Goldman analysts Clemens Grafe and Andrew Matheny cut their 2014 growth forecast for Russia to 1% partly as a result of the rising capital outflows in the year to March 2013, which are 60% higher than a year before. Their previous estimate was 3%.
"Economic activity in Russia is likely to be strongly affected by the current political tensions relating to recent developments in Ukraine and Crimea," said the Goldman research note.
"The main transmission mechanism will, in our view, work through a shock to domestic confidence, resulting in lower investment, a continuation of the destocking cycle and higher capital outflows.

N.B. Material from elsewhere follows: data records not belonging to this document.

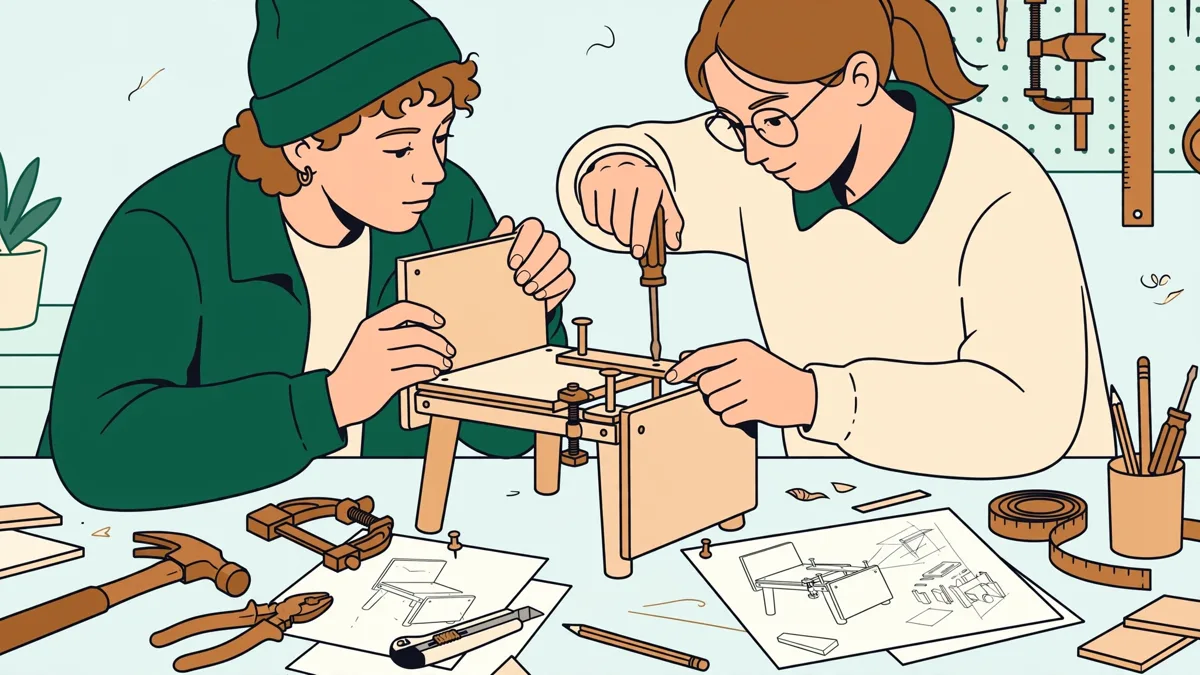 Deux étudiantes assemblent un petit prototype de meuble en bois pendant que l'une dessine.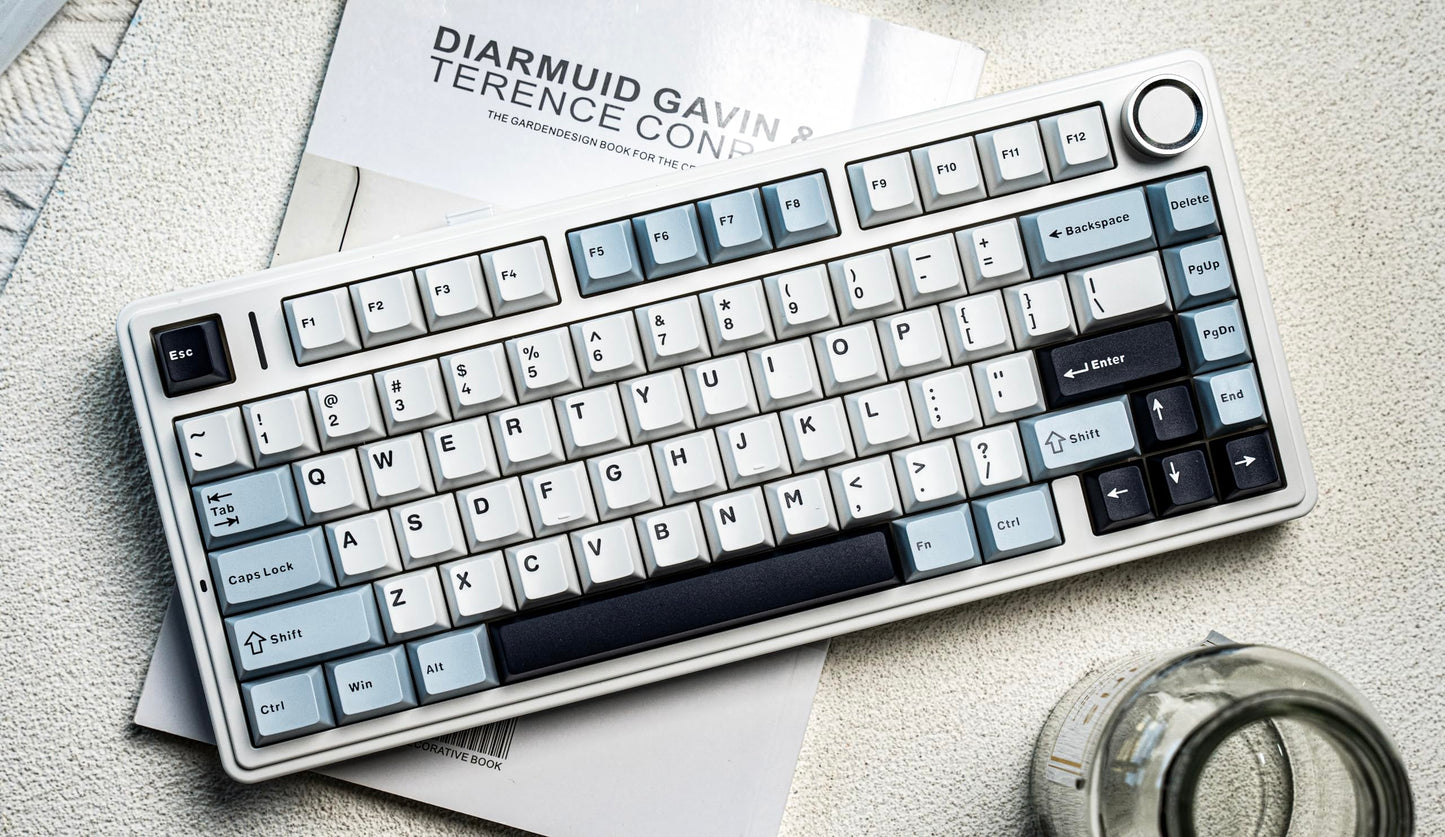 EPOMAKER AULA F75 Wireless Mechanical Gaming Keyboard, 75% Layout with Knob, Creamy Gasekt-Mount with Sound-Dampening, RGB, Hot-Swap, Bluetooth/2.4Ghz (Light Blue, Reaper Switch)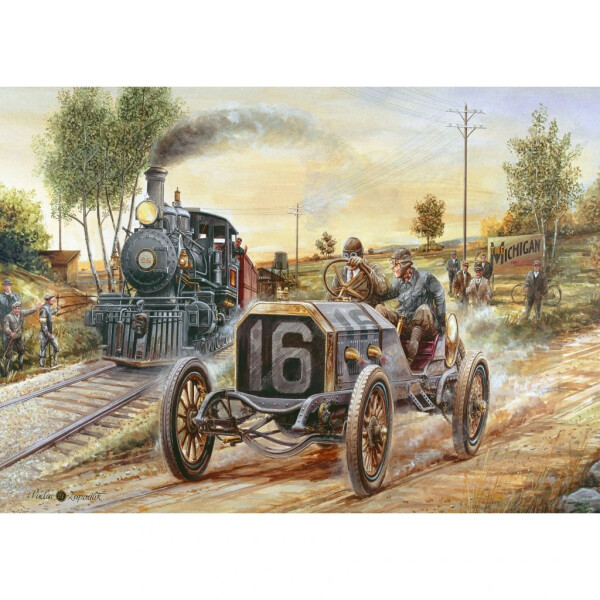 Pohlednice 3D Locomobile 1909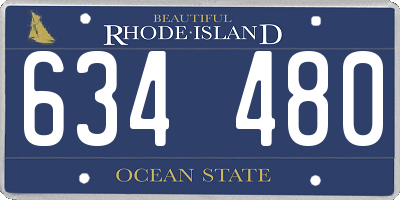 RI license plate 634480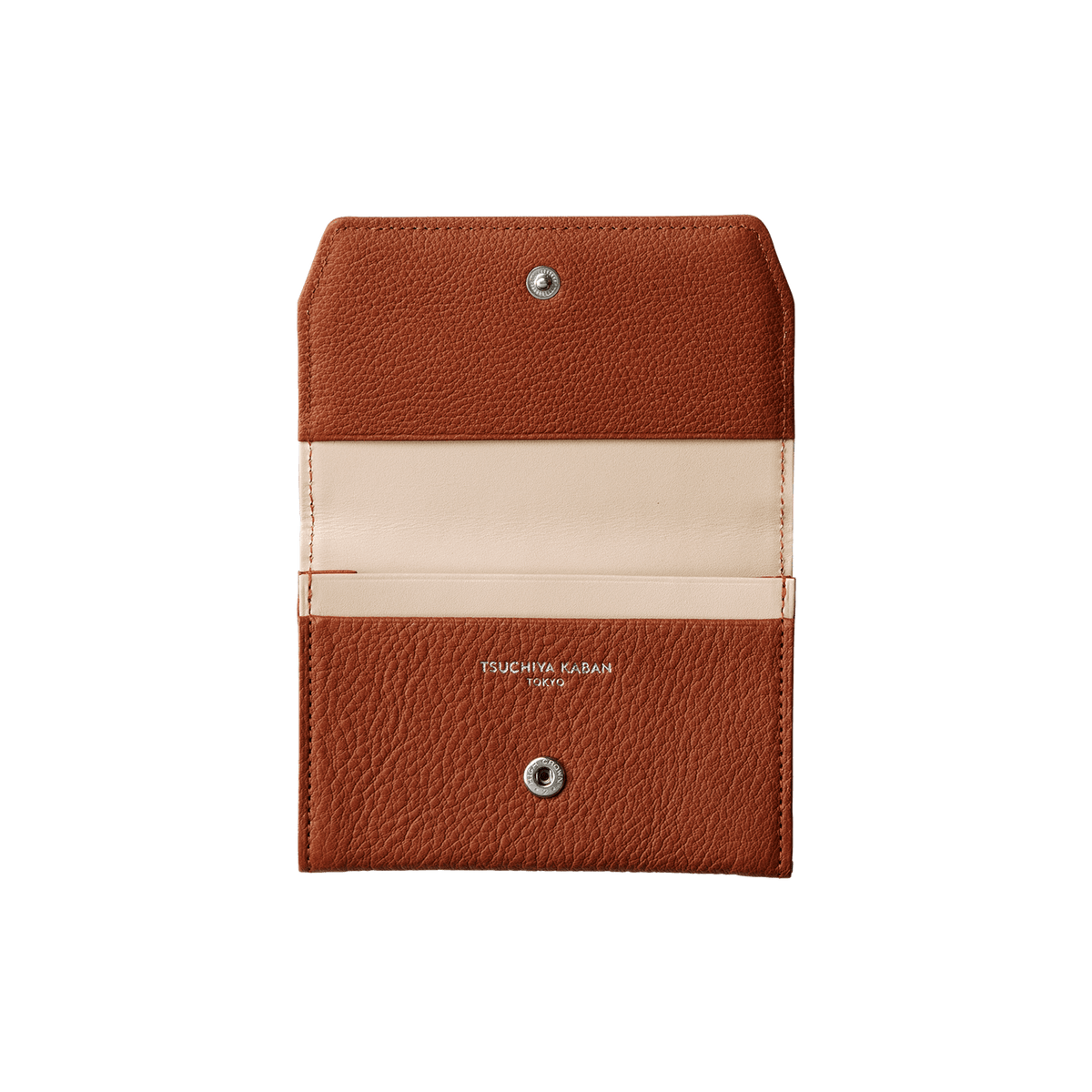 Steerhide (Medium Grain Leather) Editor Card Case in Red Clay Made in Japan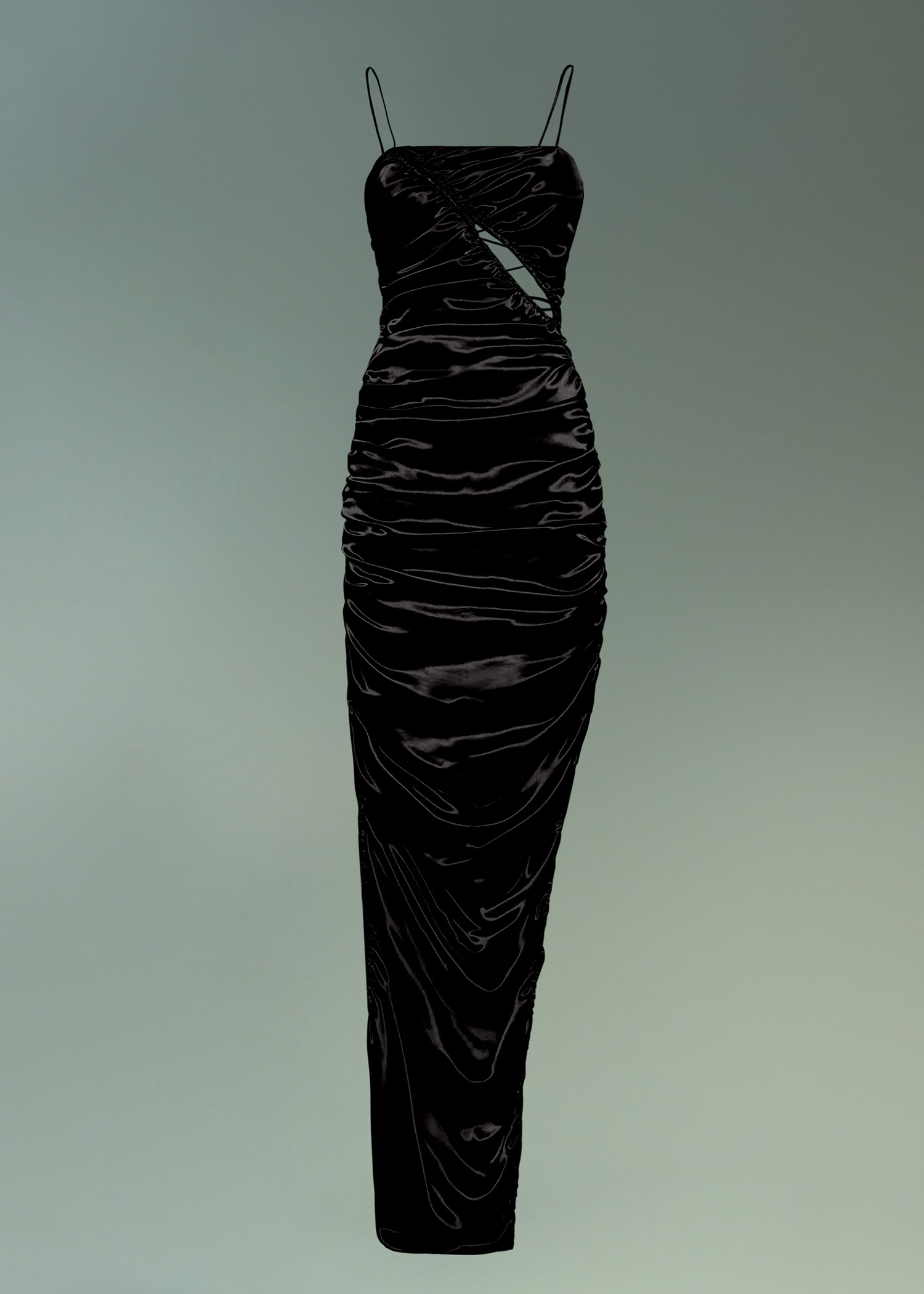 DEL CORE: DRAPED DRESS WITH DRAWSTRING DETAIL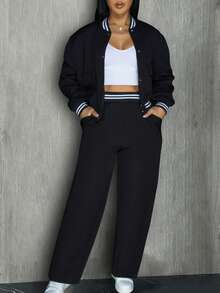 2pcs Women Striped Single-Breasted Baseball Jacket And Pants Outdoor Camping Sports Set Black Spring Elegant - Black - View 9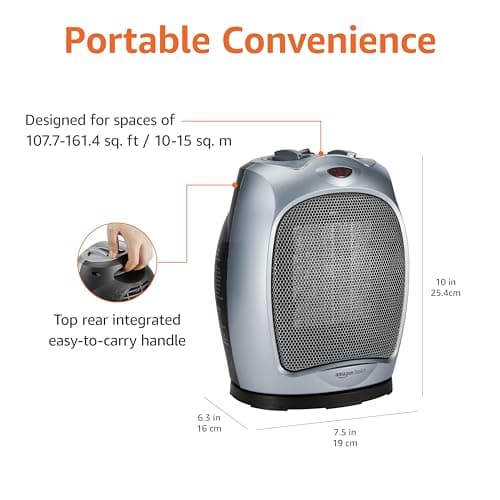Amazon Basics Oscillating Ceramic Portable Indoor Space Heater, Fast Heating Technology, Overheat and Tip-Over Protection, Adjustable Thermostat, 1500W, 7.52"D x 6.34"W x 9.45"H, Silver — view 2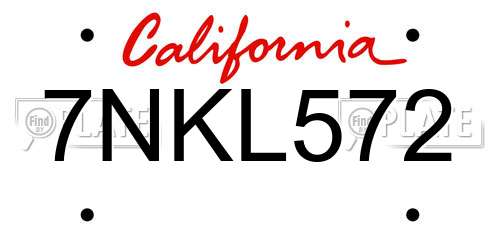 7NKL572 California License Plate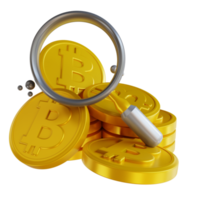 3D illustration search bitcoin png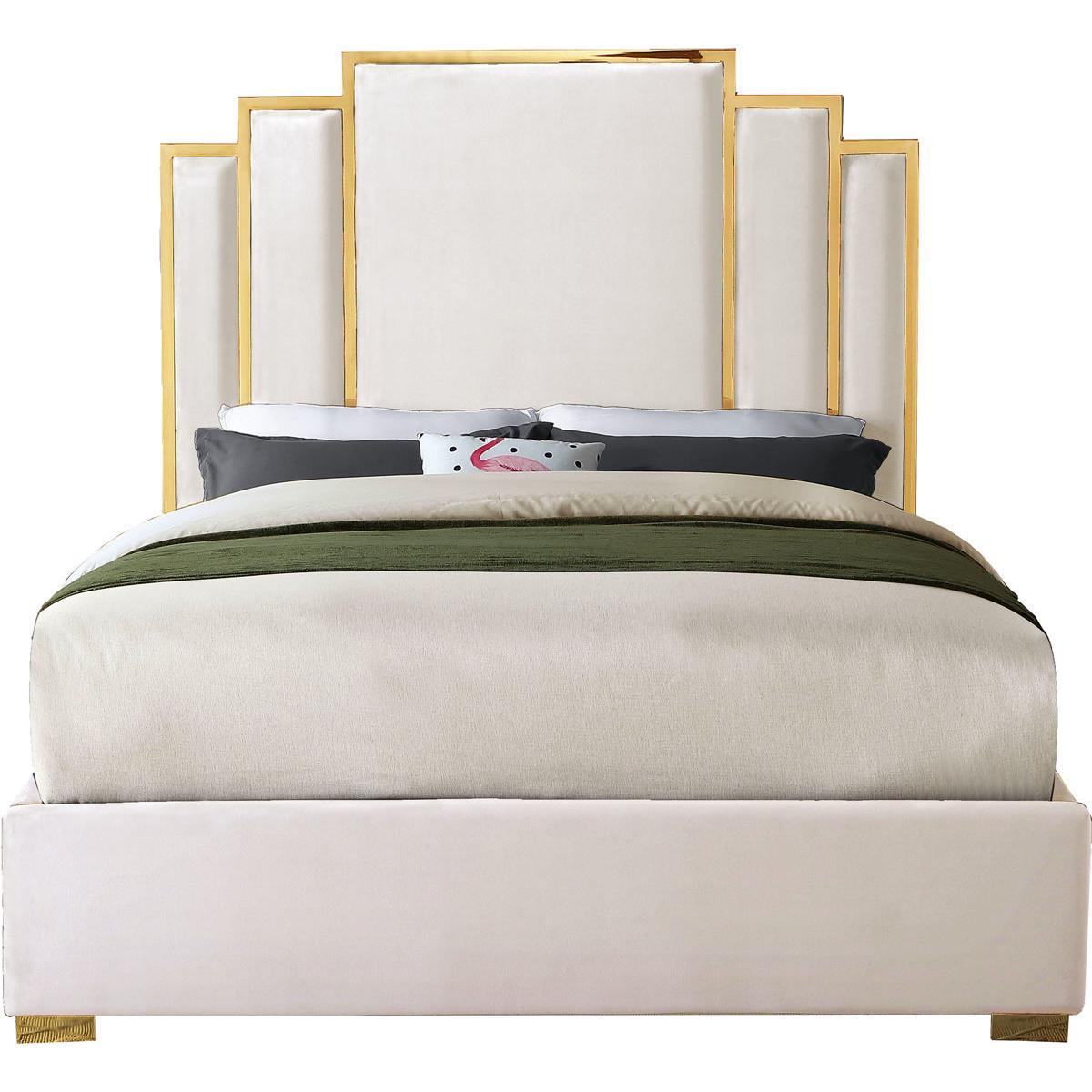 Meridian Furniture Hugo Cream Velvet King BedMeridian Furniture - King Bed - Minimal And Modern - 1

"In turn, those will lead to a tightening of domestic financial conditions. The uncertainty regarding our forecast is necessarily large."
A revolution in Ukraine ousted the Russia-allied President Viktor Yanukovich following angry protests in Kiev.
Many Ukrainians want a closer relationship with the West, particularly the EU, and thought Yanukovich was dragging them towards Russia instead.
After Yanukovich fled Ukraine, Russian troops entered the country's semi-autonomous Crimea region.
In Crimea around 60% of the population are ethnically Russian. Russia also has financial interests in the region.
Putin said the thousands of Russian troops on the ground are there to maintain order amid the political turmoil. He has attacked the revolution as the work of fascists.
But the EU and US have criticised Putin's move as an act of aggression that breaches national sovereignty.
The duo have already placed visa sanctions on Russia and have threatened that trade sanctions will follow unless Russia takes steps to de-escalate the crisis by removing its military from Crimea.